Let me just say that I am neither for nor against legalized slots. I don’t have even the slightest interest in feeding my hard earned nickels, quarters, or dollars into some flashy machine.
Yet I can understand the intrigue of the world of casino gambling. My first suspense novel (the one locked away never to see the light of day again) was set in a fictional casino in Las Vegas, although I’ve never been there. I did my research at Mountaineer Racetrack and Gaming Resort in West Virginia where slots have been legal for years. Rows upon rows of mechanical bandits cast an eerie glow onto the faces of mostly elderly gamblers. The massive rooms have very little illumination except for that emitted by the slot machines. The folks pushing the buttons (you don’t even have to pull a lever anymore) appear to be hypnotized by the lights and the constant otherworldly musical tones that hum in the background. One thing I found especially curious was the way many of the gamblers feed the machines. You don’t necessarily have to pump coins into them. Instead, these folks had plastic cards attached to their clothes by a coiled plastic cord. The cards then fit into a slot in the machine. They virtually PLUGGED themselves into the mechanical beasts and let them bleed them dry electronically.

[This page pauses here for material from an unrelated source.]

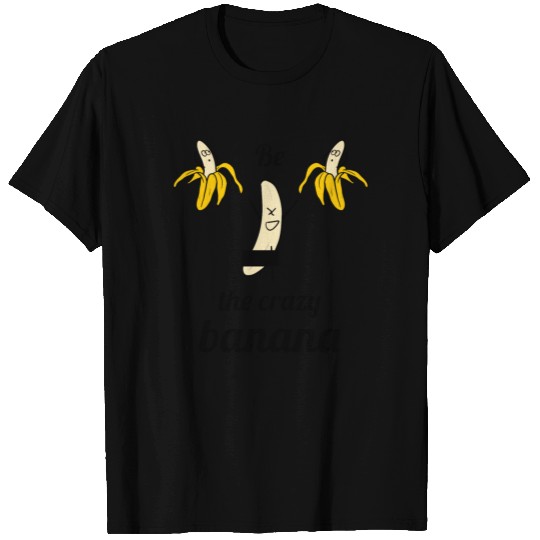 the crazy banana T Shirts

It’s definitely an interesting way to spend an afternoon. We spent one whole quarter. But my husband, ever the tightwad, refused to spend any more when the machine ate that one coin without spitting more out as a reward.
And now slots have crossed the state line into Pennsylvania. Have I been to any of the new casinos? No. Why should I? I hang out at the barns of Mountaineer racetrack all the time. If I were inclined to gamble, it would be easier to drive across the parking lot while I was there than to make a special trip to one of the new ones within my own state.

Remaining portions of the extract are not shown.